TASK DESCRIPTION | All of the data should be given again word for word, though the images are to be left out.

Start of STUDY MATERIAL

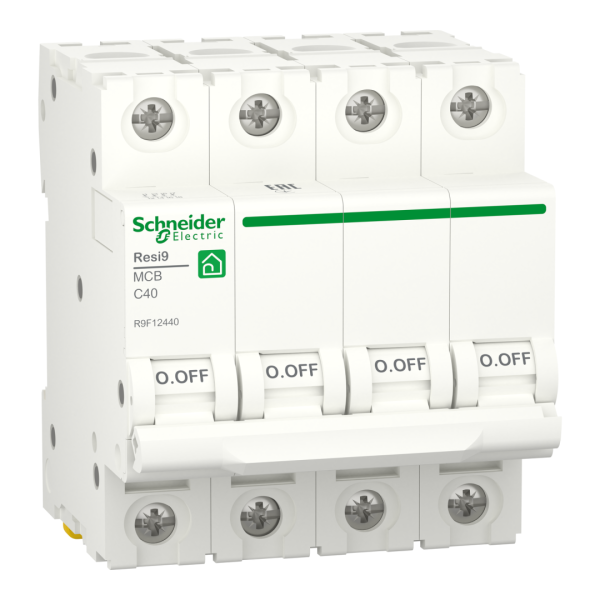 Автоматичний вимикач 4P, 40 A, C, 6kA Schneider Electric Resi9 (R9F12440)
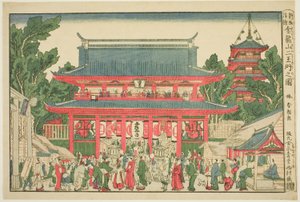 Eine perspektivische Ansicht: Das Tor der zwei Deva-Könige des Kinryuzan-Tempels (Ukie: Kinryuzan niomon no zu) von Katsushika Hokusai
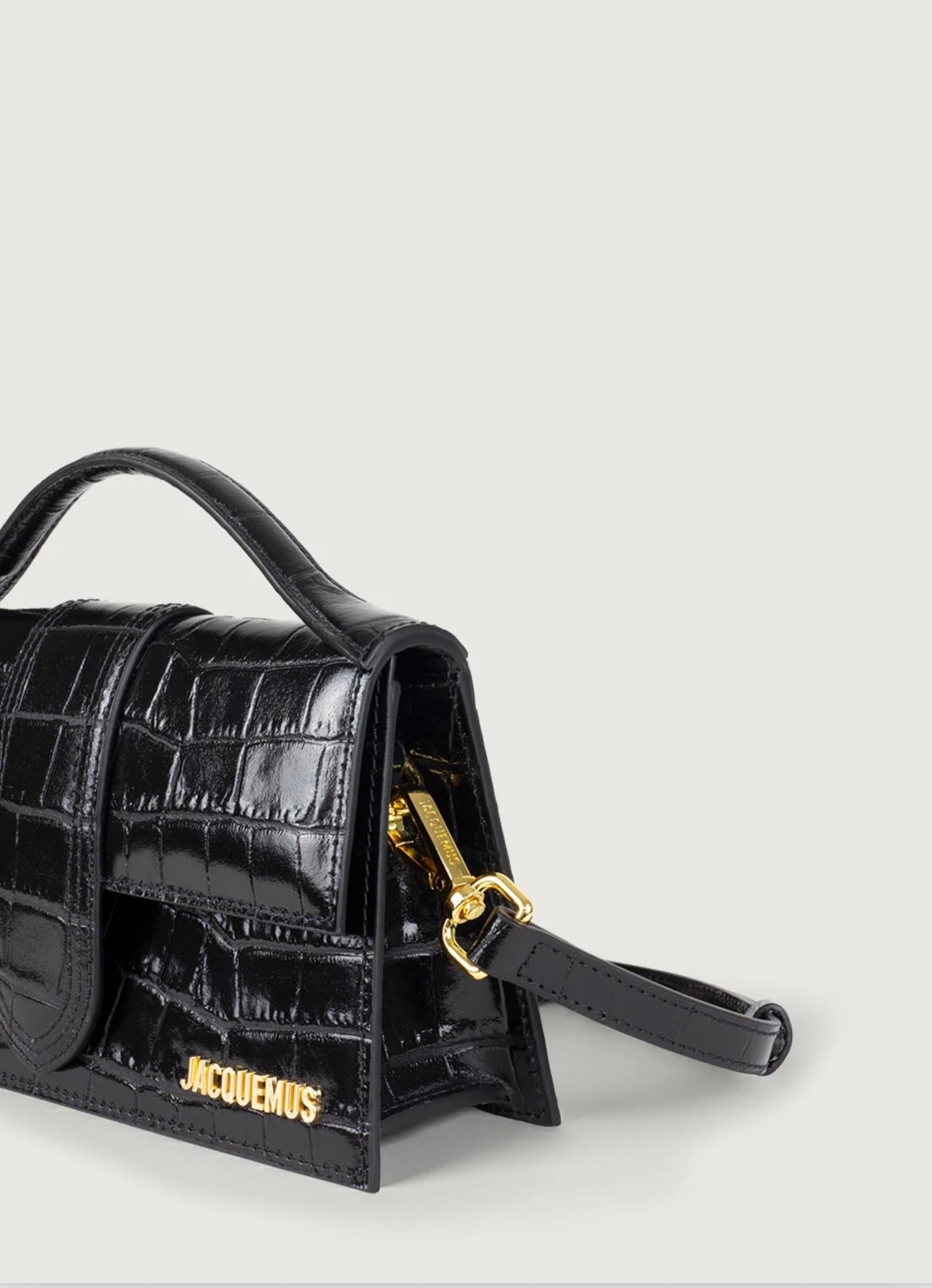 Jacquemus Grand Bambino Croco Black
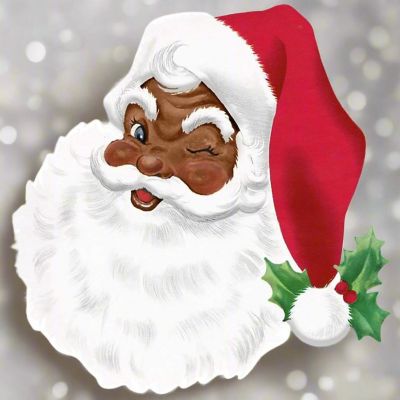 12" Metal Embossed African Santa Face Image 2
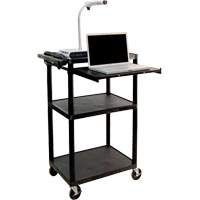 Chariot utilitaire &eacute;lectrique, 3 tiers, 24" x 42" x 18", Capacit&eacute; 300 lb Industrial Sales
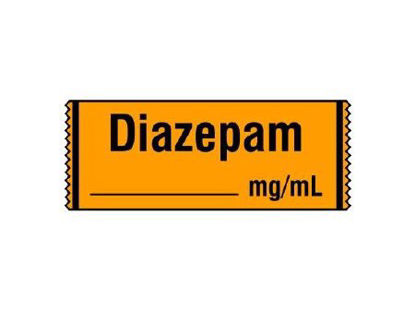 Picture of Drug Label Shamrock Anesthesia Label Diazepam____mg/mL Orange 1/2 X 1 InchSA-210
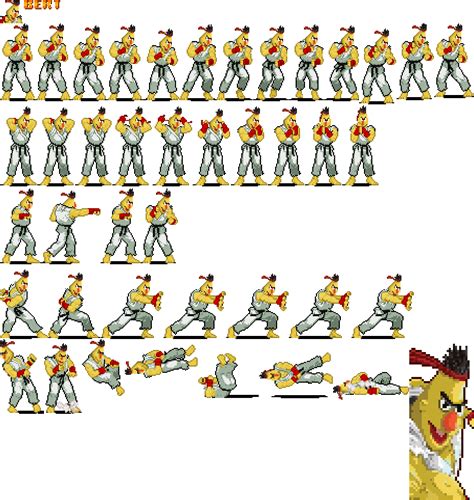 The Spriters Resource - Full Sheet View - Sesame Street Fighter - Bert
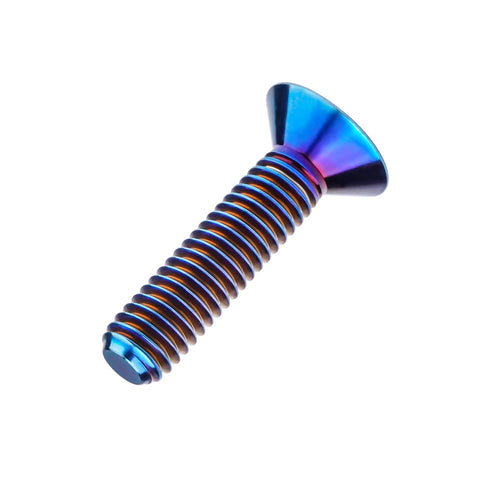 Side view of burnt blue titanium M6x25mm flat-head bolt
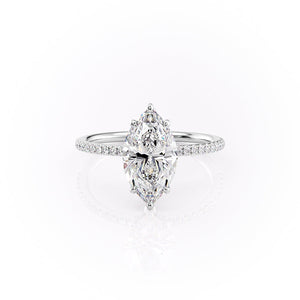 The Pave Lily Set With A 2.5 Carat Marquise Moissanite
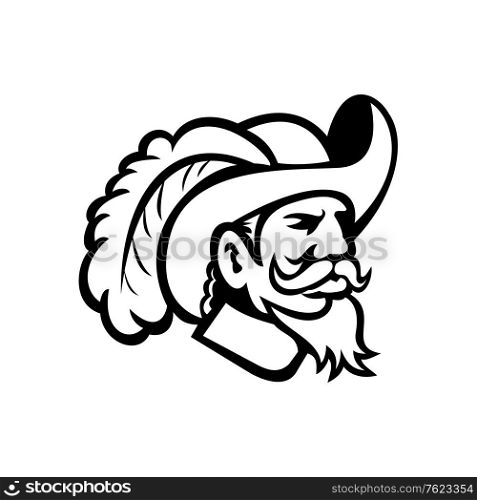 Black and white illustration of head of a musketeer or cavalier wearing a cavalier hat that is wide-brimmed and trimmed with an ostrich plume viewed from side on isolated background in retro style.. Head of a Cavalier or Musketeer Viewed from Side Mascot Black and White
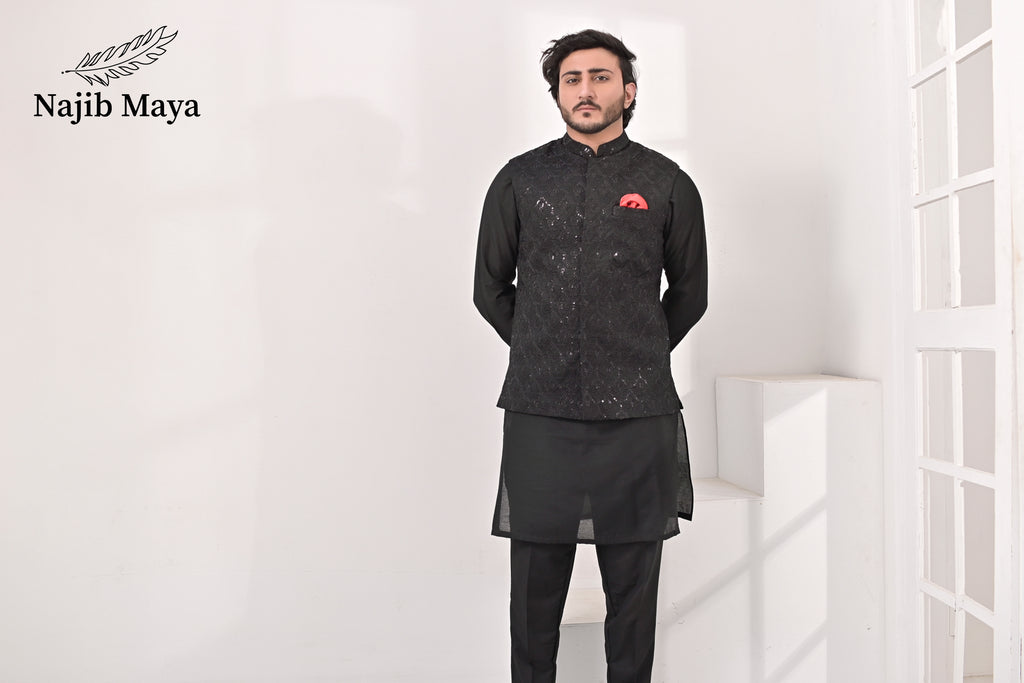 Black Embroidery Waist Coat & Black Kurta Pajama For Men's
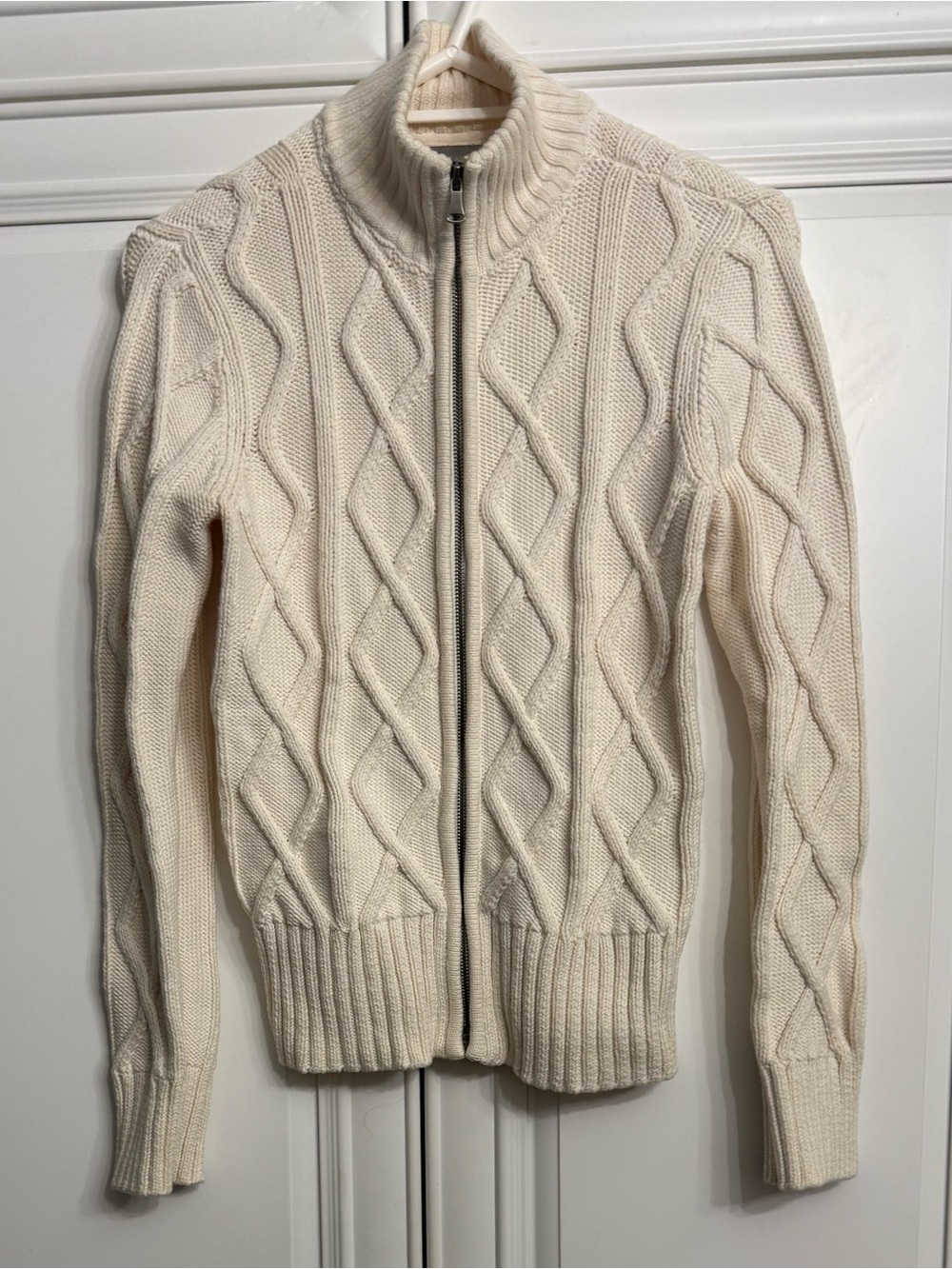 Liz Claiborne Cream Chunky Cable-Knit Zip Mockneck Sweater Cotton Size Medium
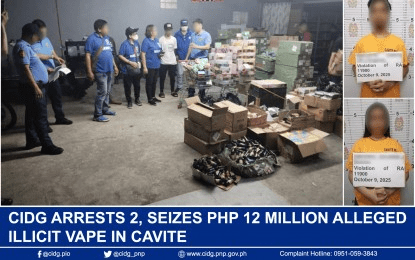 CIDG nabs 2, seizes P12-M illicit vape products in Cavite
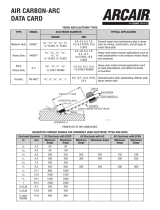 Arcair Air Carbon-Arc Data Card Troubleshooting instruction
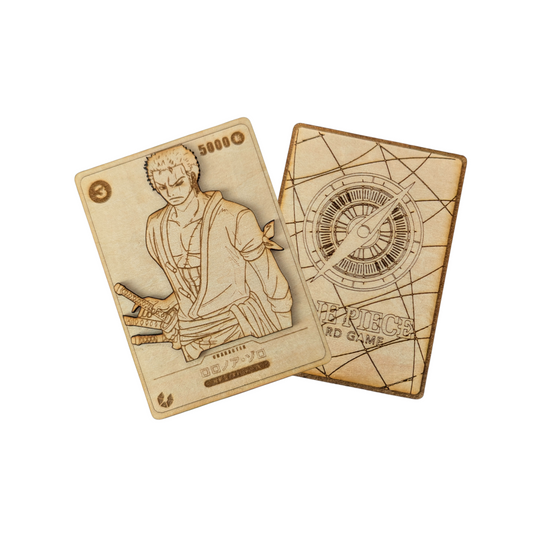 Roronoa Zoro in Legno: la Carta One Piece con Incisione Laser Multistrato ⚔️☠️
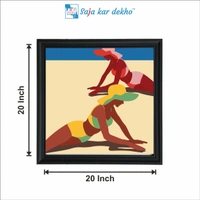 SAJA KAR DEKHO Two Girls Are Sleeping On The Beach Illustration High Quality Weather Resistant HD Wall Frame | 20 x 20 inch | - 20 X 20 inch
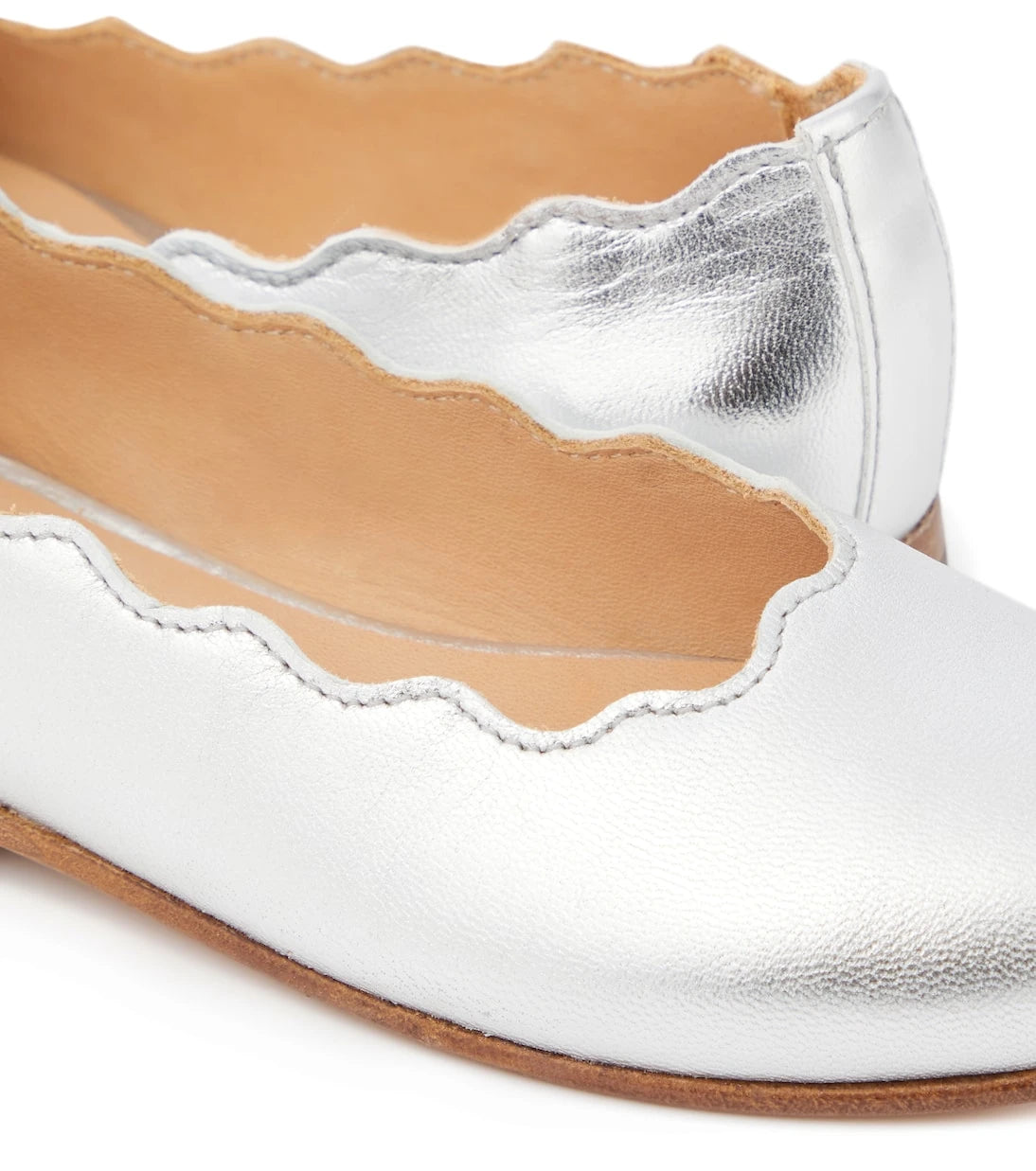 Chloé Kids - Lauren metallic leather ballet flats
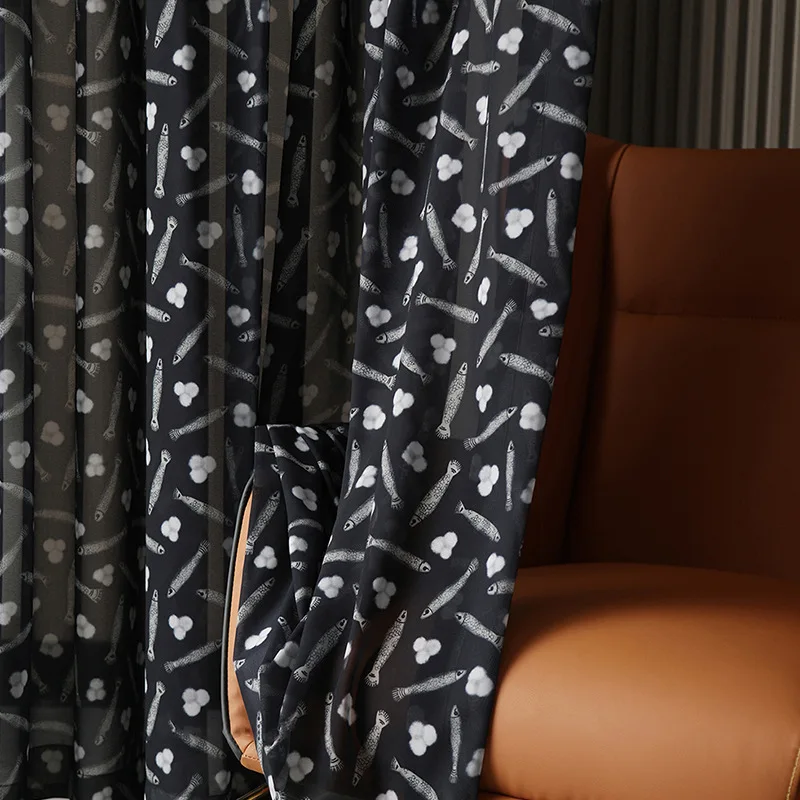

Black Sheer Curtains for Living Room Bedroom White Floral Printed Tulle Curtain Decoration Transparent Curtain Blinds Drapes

End of STUDY MATERIAL

ANSWER TO THE PROBLEM |
 Автоматичний вимикач 4P, 40 A, C, 6kA Schneider Electric Resi9 (R9F12440)
 Eine perspektivische Ansicht: Das Tor der zwei Deva-Könige des Kinryuzan-Tempels (Ukie: Kinryuzan niomon no zu) von Katsushika Hokusai
 Jacquemus Grand Bambino Croco Black
 12" Metal Embossed African Santa Face Image 2
 Chariot utilitaire &eacute;lectrique, 3 tiers, 24" x 42" x 18", Capacit&eacute; 300 lb Industrial Sales
 Picture of Drug Label Shamrock Anesthesia Label Diazepam____mg/mL Orange 1/2 X 1 InchSA-210
 The Spriters Resource - Full Sheet View - Sesame Street Fighter - Bert
 Side view of burnt blue titanium M6x25mm flat-head bolt
 The Pave Lily Set With A 2.5 Carat Marquise Moissanite
 Black and white illustration of head of a musketeer or cavalier wearing a cavalier hat that is wide-brimmed and trimmed with an ostrich plume viewed from side on isolated background in retro style.. Head of a Cavalier or Musketeer Viewed from Side Mascot Black and White
 Black Embroidery Waist Coat & Black Kurta Pajama For Men's
 Liz Claiborne Cream Chunky Cable-Knit Zip Mockneck Sweater Cotton Size Medium
 CIDG nabs 2, seizes P12-M illicit vape products in Cavite
 Arcair Air Carbon-Arc Data Card Troubleshooting instruction
 Roronoa Zoro in Legno: la Carta One Piece con Incisione Laser Multistrato ⚔️☠️
 SAJA KAR DEKHO Two Girls Are Sleeping On The Beach Illustration High Quality Weather Resistant HD Wall Frame | 20 x 20 inch | - 20 X 20 inch
 Chloé Kids - Lauren metallic leather ballet flats

Black Sheer Curtains for Living Room Bedroom White Floral Printed Tulle Curtain Decoration Transparent Curtain Blinds Drapes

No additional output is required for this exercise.